16. A method of classifying a current coding frame in a sequence of
audio data frames including the current frame and at least one
subsequent frame in real-time for switching a multi-mode audio
coding system operated in a current coding mode between different
modes, the method comprising: recording the sequence of audio data
frames, including the current frame and the at least one subsequent
frame; extracting at least one long-term feature and at least one
short-term feature relative to each audio data frame, including the
current frame and the at least one subsequent frame, wherein the
features substantially exhibit distinct values for different signal
types; determining whether to switch the current coding mode of the
coding system based on the at least one extracted long-term
feature; and if it is determined to switch the current coding mode
of the coding system, detecting a switch point according to the at
least one short-term feature of the current frame and the current
coding mode, at which to switch the current coding mode of the
coding system.
17. A method of classifying a current coding frame in a sequence of
audio data frames including the current frame and at least one
subsequent frame in real-time for switching a multi-mode audio
coding system operated in a current coding mode between different
modes, the method comprising: recording the sequence of audio data
frames, including the current frame and the at least one subsequent
frame; extracting at least one long-term feature relative to each
audio data frame, including the current frame and the at least one
subsequent frame, wherein the at least one feature substantially
exhibits distinct values for different signal types; detecting a
potential switch point according to the at least one long-term
feature of the current frame and the current coding mode; and
determining whether to switch the current coding mode of the coding
system at the potential switch point based on the at least one
long-term feature.
Description
FIELD OF THE INVENTION
This invention is related, in general, to digital signal
processing, and more particularly, to a method and a system of
classifying different signal types in multi-mode coding
systems.
BACKGROUND OF THE INVENTION
In current multimedia applications such as Internet telephony,
audio signals are composed of both speech and music signals.

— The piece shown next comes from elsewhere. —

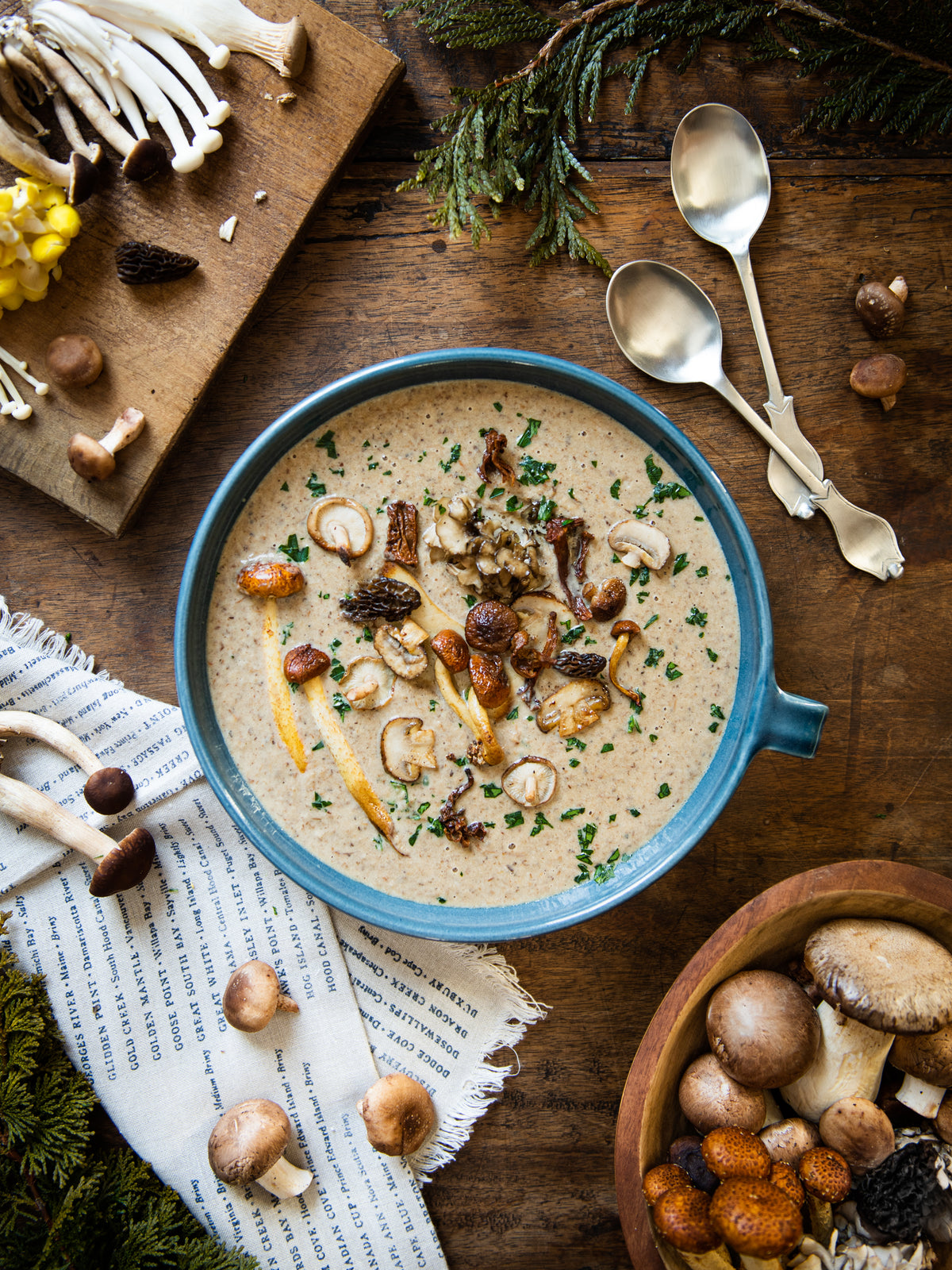 Woodsy Wild Mushroom Soup Recipe|Weston Table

However, designing an optimal universal coding system capable of
coding both speech and music signals has proven difficult. One of
the difficulties arises from the fact that speech and music are
essentially represented by very different signals, resulting in the
use of disparate coding technologies for these two signal modes.

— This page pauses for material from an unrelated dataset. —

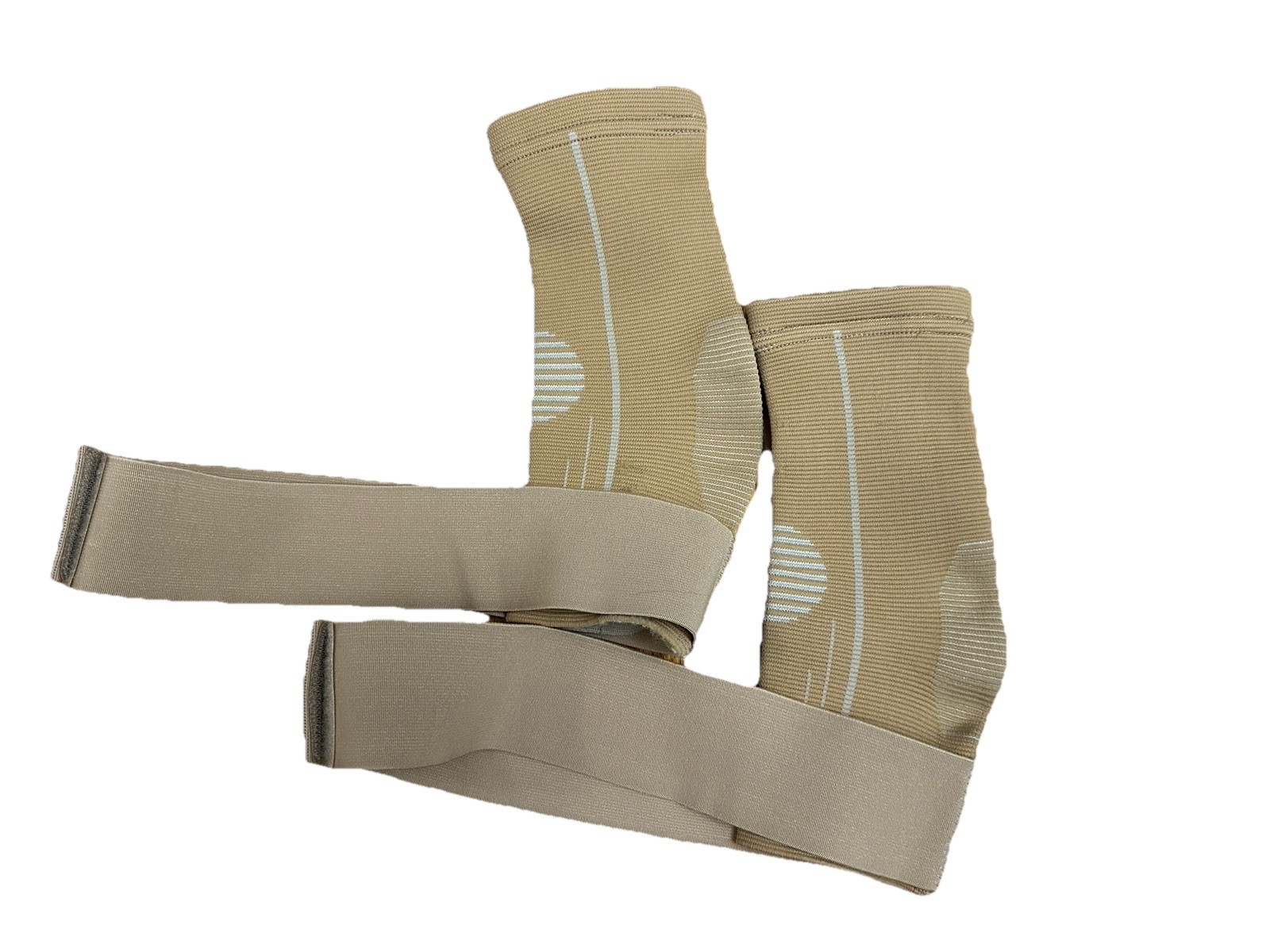 2 Ankle Support Brace Compression Sleeve Fasciitis Pain Relief Foot Wrap Read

Typical speech coding technology is dominated by model-based
approaches such as Code Excited Linear Prediction (CELP) and
Sinusoidal Coding, while typical music coding technology is
dominated by transform coding techniques such as Modified Lapped
Transformation (MLT) used together with perceptual noise masking.

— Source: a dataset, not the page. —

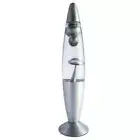 Metallic Magma Motion Lamp Silver Retro Lava Lamp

These coding systems are optimized for the different signal types
respectively. For example, linear prediction-based techniques such
as CELP can deliver high quality reproduction for speech signals,
but yield unacceptable quality for the reproduction of music
signals. Conversely, the transform coding-based techniques provide
excellent quality reproduction for music signals, but the output
degrades significantly for speech signals, especially in low
bit-rate regimes.
In order to accommodate audio streams of mixed data types, a
multi-mode coder that can accommodate both speech and music signals
is desirable. There have been a number of attempts to create such a
coder. For example, the Hybrid ACELP/Transform Coding Excitation
coder and the Multi-mode Transform Predictive Coder (MTPC) are
usable to some extent to code mixed audio signals. However, the
effectiveness of such hybrid coding systems depends upon accurate
classification of the input speech and music signals to adjust the
coding mode of the coder appropriately. Such a functional module is
referred to as a speech-and-music classifier (hereafter,
"classifier").
In operation, a classifier is initially set to either a speech
mode, or a music mode, depending on historical input statistics.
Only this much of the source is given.